Bizde “Kira Sözleşmesi” denildiğinde genellikle ev veya işyeri kiralamak akla gelir.
“Kira” diye terceme edilen “İcare” kelimesi “Ücret” kelimesinden türemiştir.
İşçinin, memurun, amirin, Cumhurbaşkanının ücret karşılığı iş yapması nedeniyle onun bilgisi, becerisi, tecrübesi ücret karşılığında kiralanmış demektir.
Evin veya işyerinin, tarlanın, fabrikanın kiralanması da onun menfaatinin satışı demektir.
Bütün bu emek-ücret dengesini sağlayan kurallar, alınacak kararlar, çıkacak kanun ve genelgelerin hiç birinde hiç bir insana, hayvana ve diğer eşyaya zarar verilmemelidir.
Sevgili peygamberimizin:
“Zarar vermekte yoktur, zarar görmekte yoktur”.(Hadis için bak, İbni Mace 2/784,hadis no: 2340,2341,Ahmet, Müsned,1/313) hadisi, İslam Fıkhının genel kuralı olmuştur.
Toplumun hayatını kolaylaştıran, meşru çıkarlarını sağlayan kanunlar, hiç bir zaman zenginin veya fakirin zararına olmamalıdır.
Kapitalistin heva ve hevesini tatmin edecek, fakirin boynunu bükecek kanunlara geçit olmadığı gibi, fakirin komünistçe hırslarını tatmin için ekmek ağacını kesmek de yok.
Sevgili peygamberimiz,
“Kimin elinin altında çalışan bir kardeşi varsa onu yediğinden yedirsin, giydiğinden giydirsin. Onun yapamayacağı bir işi ona teklif etmesin. Eğer teklif ederse ona yardım etsin.” Buyurmuş.
(Buhari, Sahih, K. Itk, Bab 15)
İşçisini, kardeşi gibi bilecek.
Ona yediğinden yiyebileceği, giydiğinden giyebileceği bir ücret verecek ve gücünün yetmediği işi teklif etmeyecek.
İşçinin ücretinin alnının teri kurumadan verilmesini ister sevgili peygamberimiz.
Geçmiş ümmetlerden bize örnek olacak bir olayı hatırlatır peygamberimiz:
Ücretini almadan giden bir işçi, yıllar sonra ücretini almaya geldiğinde işveren ona bir vadiyi göstererek işte şu gördüklerin senin” der.
İşçi, benimle dalga mı geçiyorsun? Dediğinde “hayır, senin o almadan gittiğin ücreti çalıştırdım ve bu kadar çoğaldı” der ve teslim eder.

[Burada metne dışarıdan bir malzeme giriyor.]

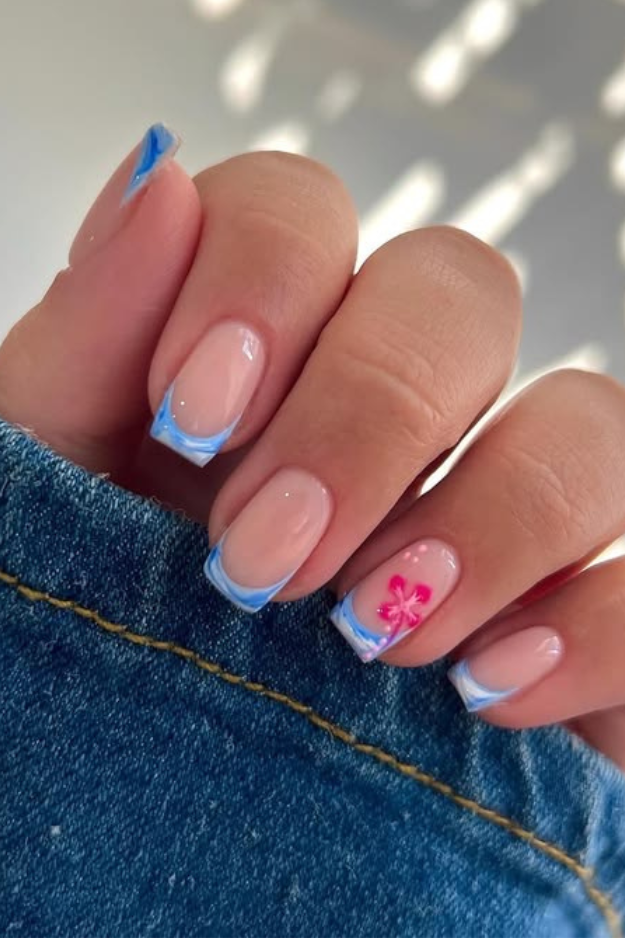 23 Cute Summer French Tips With Tiny Details That Make Them Low-Key Addictive 23 Cute Summer French Tips With Tiny Details That Make Them Low-Key Addictive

(Buhari, Sahih, K. Edeb, babü icabetü düai men berre valideyhi)
Sevgili peygamberimiz:
“İşçinin ücretini, alnının teri kurumadan veriniz” hadisinin hemen ardından “Çalıştırdığı işçinin ücretini vermeyenin kıyamet gününde hasmı benim” buyurmuş.
(İbni Mace, Sünen, Kitab’ül Ahkam, babü ecril ücera hadis no 2434)

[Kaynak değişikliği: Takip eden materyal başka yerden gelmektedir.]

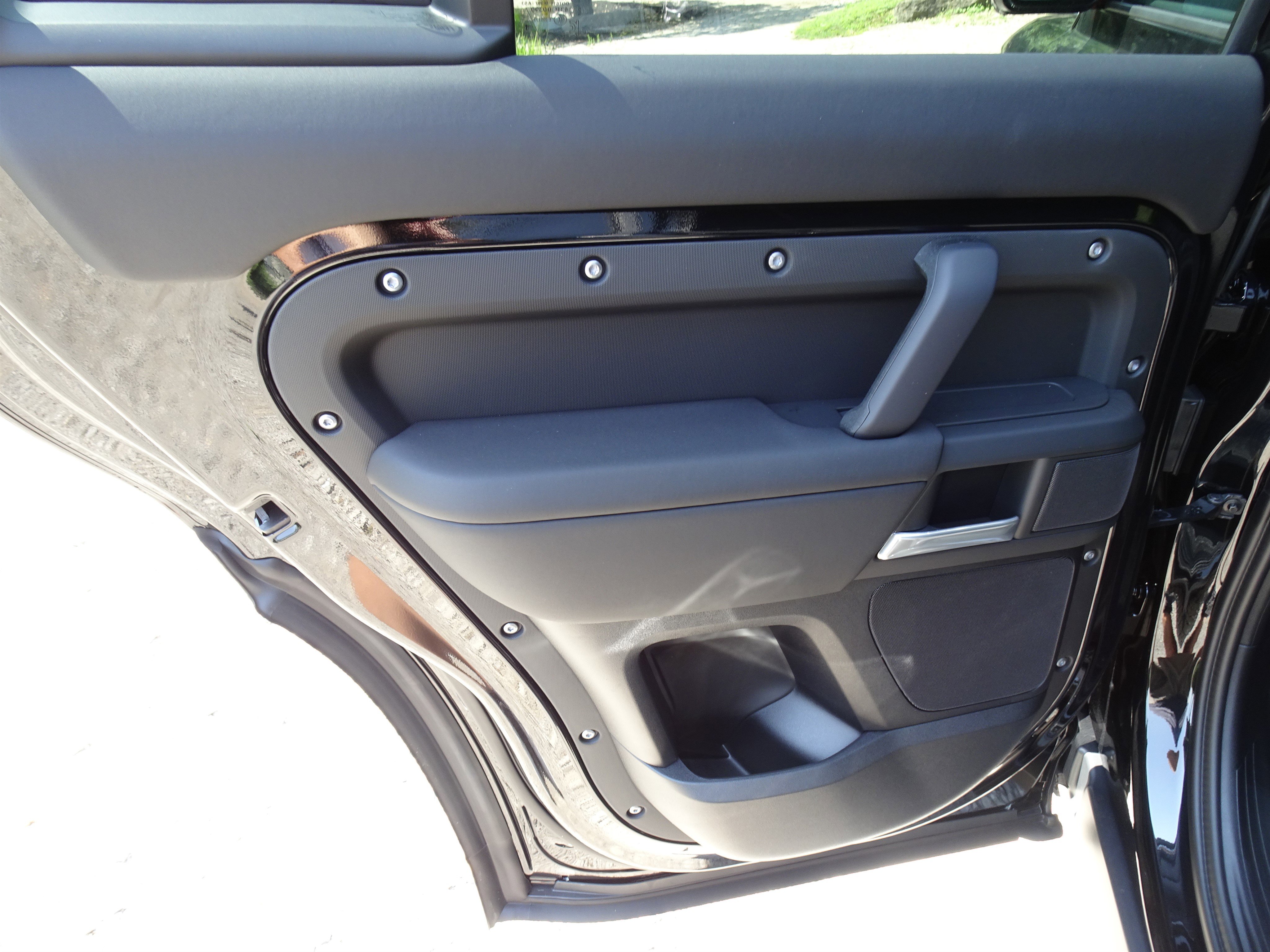 New 2025 Land Rover Defender 110 S image 24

Bazı mazeretler nedeniyle ücreti zamanında teslim edilemeyen işçinin, kiraya verenin hakkı korunmalıdır.
Mesela, mal sahibi bir gitmiş bir daha gelmemiş. Kiracı, kirayı ödeyecek mal sahibini bulamıyor.
“Gelince veririm” demiş ama yirmi yıl sonra çıkıp gelmiş.
Kiracı, yirmi yıl önceki kiradan parayı ödemeye kalkıyor.
Bu doğru değil.
Hâlbuki kiracı her ay onun parasına altın alıp öyle korusaydı mal sahibi de, kiracı da zarar görmeyecekti
Kira akdinin geçerli olması için menfaat, ücret ve müddet belli olması gerekir.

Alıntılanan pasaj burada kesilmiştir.